(WHAT THE TASK REQUIRES) Instruction for the data below: set down exactly the lines from the line with "Factory Phnom Penh - Library" to the line with "Batería de cocina", inclusive, and no others.

(DATA TO USE)
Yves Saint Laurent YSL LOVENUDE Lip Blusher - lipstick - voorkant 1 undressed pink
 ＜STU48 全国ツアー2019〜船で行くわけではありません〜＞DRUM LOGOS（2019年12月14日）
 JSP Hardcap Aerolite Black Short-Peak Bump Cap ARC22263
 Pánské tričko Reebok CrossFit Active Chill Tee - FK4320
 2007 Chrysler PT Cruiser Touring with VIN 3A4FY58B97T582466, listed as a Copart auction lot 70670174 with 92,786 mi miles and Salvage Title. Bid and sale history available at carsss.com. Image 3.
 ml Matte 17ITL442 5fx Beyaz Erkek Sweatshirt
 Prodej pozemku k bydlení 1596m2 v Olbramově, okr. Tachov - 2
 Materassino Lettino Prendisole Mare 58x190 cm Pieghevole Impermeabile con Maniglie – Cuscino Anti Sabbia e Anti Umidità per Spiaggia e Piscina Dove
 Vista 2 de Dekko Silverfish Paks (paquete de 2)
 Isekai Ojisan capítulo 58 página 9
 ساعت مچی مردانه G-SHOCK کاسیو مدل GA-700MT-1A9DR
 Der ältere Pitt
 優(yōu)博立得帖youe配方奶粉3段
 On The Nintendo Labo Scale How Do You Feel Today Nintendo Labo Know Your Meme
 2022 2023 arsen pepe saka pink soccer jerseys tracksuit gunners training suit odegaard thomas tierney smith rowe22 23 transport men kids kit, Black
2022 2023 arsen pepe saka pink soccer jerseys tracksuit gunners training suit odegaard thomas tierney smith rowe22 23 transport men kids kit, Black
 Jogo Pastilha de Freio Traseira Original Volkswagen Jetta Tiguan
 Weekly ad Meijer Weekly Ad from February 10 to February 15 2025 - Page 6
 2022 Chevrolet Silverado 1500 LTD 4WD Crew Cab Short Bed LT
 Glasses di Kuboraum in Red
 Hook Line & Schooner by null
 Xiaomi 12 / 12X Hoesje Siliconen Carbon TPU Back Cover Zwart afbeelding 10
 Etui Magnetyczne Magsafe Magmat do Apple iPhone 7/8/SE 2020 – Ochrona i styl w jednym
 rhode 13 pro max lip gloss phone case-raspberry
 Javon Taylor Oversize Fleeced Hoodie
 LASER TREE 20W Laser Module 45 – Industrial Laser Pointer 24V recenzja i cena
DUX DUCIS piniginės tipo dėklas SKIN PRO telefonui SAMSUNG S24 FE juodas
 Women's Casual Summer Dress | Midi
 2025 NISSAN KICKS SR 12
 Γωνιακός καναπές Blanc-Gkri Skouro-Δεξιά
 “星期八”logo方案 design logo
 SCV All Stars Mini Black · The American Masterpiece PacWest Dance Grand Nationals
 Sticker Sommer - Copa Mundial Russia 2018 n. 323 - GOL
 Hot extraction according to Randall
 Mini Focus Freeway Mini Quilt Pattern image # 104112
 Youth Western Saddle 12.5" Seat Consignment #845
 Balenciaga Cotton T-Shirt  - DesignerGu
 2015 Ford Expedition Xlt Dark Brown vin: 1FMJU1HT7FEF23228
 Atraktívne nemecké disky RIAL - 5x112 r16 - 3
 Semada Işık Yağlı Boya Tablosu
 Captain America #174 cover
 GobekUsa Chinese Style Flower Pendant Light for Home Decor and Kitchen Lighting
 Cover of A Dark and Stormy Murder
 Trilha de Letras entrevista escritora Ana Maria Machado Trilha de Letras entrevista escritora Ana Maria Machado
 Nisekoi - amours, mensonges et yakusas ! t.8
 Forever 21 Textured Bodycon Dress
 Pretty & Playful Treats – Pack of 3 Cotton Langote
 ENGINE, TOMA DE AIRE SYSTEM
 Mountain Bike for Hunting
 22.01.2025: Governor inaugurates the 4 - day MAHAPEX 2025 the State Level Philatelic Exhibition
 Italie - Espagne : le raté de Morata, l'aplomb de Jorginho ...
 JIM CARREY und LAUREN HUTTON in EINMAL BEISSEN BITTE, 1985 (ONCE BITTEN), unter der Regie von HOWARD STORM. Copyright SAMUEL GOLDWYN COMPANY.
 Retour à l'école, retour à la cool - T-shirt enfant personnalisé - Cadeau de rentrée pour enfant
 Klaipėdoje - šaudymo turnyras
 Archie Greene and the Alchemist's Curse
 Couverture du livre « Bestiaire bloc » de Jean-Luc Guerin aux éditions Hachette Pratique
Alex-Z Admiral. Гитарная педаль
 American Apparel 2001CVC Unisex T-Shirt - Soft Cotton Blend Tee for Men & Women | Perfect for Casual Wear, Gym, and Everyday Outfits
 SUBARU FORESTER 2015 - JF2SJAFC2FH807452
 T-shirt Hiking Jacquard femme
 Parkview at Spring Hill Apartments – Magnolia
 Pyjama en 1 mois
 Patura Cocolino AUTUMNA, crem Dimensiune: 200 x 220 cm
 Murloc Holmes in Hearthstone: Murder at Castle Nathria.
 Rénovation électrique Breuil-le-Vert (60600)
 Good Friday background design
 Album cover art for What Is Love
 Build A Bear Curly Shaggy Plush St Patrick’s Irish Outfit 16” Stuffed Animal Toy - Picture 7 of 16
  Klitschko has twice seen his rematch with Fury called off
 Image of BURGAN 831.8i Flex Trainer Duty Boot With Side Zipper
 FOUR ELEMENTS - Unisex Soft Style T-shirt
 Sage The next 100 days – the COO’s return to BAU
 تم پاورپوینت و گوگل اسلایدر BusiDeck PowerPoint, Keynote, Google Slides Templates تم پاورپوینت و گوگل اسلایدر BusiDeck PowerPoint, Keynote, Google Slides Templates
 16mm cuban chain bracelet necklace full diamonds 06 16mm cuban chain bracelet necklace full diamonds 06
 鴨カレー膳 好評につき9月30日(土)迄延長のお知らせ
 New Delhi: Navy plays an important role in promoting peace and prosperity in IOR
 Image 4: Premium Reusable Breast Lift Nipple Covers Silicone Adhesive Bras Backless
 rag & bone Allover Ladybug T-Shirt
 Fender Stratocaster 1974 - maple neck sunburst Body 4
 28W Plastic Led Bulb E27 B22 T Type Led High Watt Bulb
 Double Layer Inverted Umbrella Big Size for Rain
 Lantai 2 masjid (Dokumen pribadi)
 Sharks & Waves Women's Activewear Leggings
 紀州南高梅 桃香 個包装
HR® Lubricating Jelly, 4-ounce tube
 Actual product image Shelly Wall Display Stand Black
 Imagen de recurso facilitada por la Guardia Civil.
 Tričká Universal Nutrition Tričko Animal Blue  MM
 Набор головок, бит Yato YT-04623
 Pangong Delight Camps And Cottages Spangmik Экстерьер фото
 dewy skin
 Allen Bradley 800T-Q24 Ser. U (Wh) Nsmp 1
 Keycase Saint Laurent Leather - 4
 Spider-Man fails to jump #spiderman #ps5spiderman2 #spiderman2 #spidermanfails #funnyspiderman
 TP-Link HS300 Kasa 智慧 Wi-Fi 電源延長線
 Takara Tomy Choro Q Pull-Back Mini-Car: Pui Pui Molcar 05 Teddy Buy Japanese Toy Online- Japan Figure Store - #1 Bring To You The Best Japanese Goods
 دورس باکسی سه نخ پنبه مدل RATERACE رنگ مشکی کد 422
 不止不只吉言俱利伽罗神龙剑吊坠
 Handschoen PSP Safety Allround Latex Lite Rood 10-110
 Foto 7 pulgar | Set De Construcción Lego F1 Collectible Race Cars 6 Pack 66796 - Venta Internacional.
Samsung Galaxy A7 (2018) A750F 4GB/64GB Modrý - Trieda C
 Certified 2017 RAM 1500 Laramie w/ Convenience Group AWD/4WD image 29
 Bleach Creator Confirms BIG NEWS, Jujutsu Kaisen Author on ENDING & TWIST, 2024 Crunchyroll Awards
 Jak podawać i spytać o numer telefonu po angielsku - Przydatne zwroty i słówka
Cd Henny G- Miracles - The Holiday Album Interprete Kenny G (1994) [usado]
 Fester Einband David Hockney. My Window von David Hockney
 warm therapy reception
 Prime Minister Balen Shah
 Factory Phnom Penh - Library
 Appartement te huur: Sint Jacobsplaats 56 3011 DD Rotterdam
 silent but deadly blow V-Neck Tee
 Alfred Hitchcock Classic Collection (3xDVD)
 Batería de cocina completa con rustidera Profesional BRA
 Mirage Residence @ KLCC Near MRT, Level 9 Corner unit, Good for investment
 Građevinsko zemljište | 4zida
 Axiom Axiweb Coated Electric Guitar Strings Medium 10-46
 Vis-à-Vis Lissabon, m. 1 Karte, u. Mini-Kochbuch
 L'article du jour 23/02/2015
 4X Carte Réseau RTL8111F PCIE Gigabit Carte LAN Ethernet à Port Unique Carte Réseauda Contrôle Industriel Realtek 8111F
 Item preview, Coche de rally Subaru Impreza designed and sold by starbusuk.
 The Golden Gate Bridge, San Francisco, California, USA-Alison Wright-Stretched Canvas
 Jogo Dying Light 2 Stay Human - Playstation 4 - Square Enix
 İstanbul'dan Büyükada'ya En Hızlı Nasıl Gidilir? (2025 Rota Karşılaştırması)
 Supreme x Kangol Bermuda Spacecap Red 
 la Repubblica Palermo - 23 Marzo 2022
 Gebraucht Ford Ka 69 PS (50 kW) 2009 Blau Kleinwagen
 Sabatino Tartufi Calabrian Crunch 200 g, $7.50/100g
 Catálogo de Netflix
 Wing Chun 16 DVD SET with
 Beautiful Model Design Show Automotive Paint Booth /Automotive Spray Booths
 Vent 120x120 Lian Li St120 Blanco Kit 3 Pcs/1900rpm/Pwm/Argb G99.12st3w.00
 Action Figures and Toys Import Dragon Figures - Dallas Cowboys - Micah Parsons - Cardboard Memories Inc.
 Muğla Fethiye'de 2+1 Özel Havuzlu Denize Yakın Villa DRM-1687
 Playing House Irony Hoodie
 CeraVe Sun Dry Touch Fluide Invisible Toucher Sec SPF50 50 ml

(RESULT OF THIS TASK)
 Factory Phnom Penh - Library
 Appartement te huur: Sint Jacobsplaats 56 3011 DD Rotterdam
 silent but deadly blow V-Neck Tee
 Alfred Hitchcock Classic Collection (3xDVD)
 Batería de cocina completa con rustidera Profesional BRA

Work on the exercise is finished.